Giants still feel dissed (cont.)
At one point in Friday afternoon's Giants practice, I looked up and saw Carr (2002) and Eli Manning (2004) flanking Palmer. They are just two of the four quarterbacks drafted first overall who Palmer has worked with in his career. He was quarterbacks coach for Drew Bledsoe (1996) in New England on Bill Parcells' staff, and the Browns head coach when they took Tim Couch No. 1 in 1999. Throw in Cleveland defensive end Courtney Brown in 2000, and Palmer has experience coaching five No. 1's.
After watching Woodson in two camp practices, I can say confidently that he throws a very pretty spiral, but the Giants are going to have to work on his throwing motion and the time it takes him to get rid of the ball. He seems to be in the full wind-up most of the time, and he's going to find that the window to deliver the ball in the NFL is much tighter than the one he's used to from college.
If you thought Jeremy Shockey was happy not to have to deal with the circus that his presence at Giants training camp would have created, imagine how Coughlin and Reese feel. Relieved doesn't do justice to the look that crossed their faces when I asked them about New York's trade of its veteran tight end to New Orleans earlier this week.
"We wanted it to work and we tried to make it work,'' said Reese of the Giants' relationship with the irascible Shockey. "We went to the 11th hour to try and make it work. But after all things were considered, we thought it was the best decision for Jeremy to move on and us to move on.''
Second-year tight end Kevin Boss has quickly become the people's choice at Giants camp. New York's fans have really embraced Boss, shouting his name whenever he's within, well, shouting distance. I'm getting the distinct feeling the Western Oregon product has emerged as the anti-Shockey, a no-nonsense, team-first type who is now going to earn the starting role in Shockey's absence. Boss, who has great hands and seems to catch everything, gets an ovation in camp for anything tougher than buckling his chin strap.
As for Shockey's new NFL address, ex-Giants teammate Justin Tuck still can't quite wrap his mind around it. Maybe because the notion of calling Shockey a Saint has never been thought of before.
"I saw him last night on TV in that white and gold jersey, and it didn't look right,'' Tuck said.
Which Giants Super Bowl hero just completed the greatest offseason that he'll ever have in his NFL career? That would be New York receiver David Tyree, he of the patented ball-against-the-helmet game-turning catch in last February's big game.
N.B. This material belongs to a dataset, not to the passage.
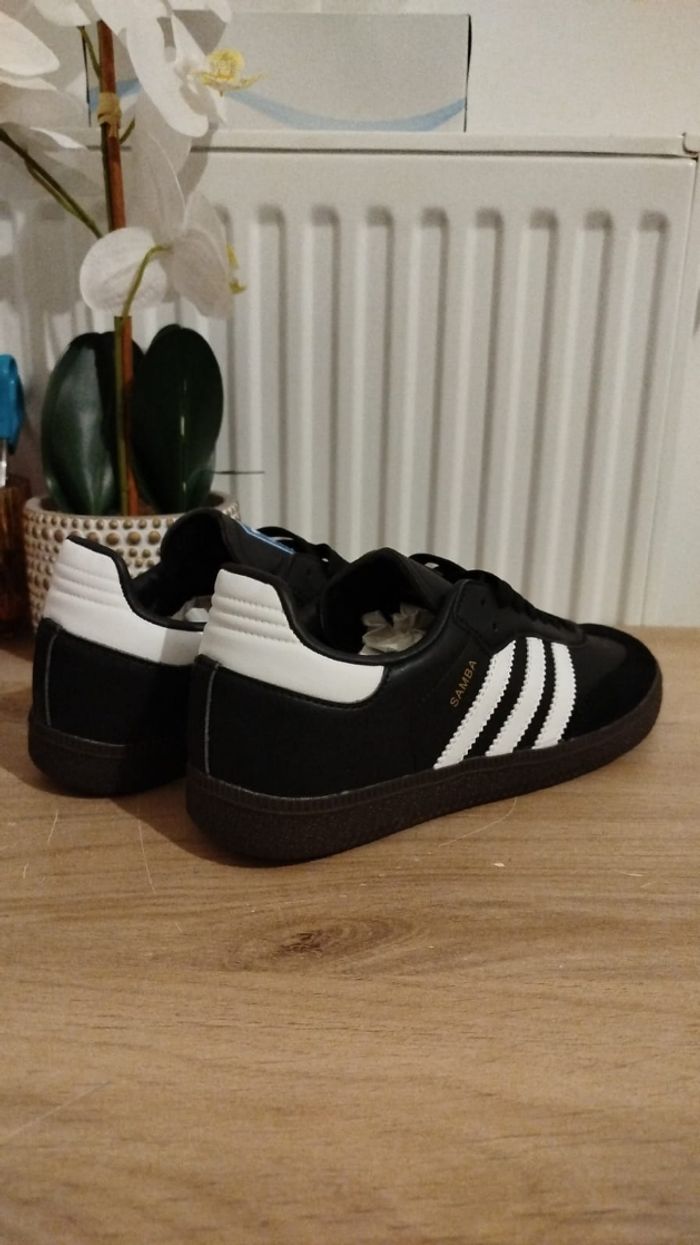 Baskets Adidas SAMBA - photo numéro 2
Tyree underwent offseason knee surgery and has been placed on the Giants' physically unable to perform list, so technically his 2008 season has yet to begin. But if there was ever a better six months to be David Tyree, I'm not sure when that could have possibly been. Don't know if he even drinks, but if he does, there's no way he ever bought for himself this offseason.
"In a lot of ways, yeah, it was great,'' Tyree told me. "But I'm nursing an injury, so it's like a blessing and a curse at the same time.''
It's early, but Eli Manning is already sharp. When reporters tried to coax him into commenting on whether he thinks Burress' early camp ankle injury is really about his contract dissatisfaction, Manning evaded the question just as deftly as he escaped from all that Patriots pass pressure in the fourth quarter of the Super Bowl.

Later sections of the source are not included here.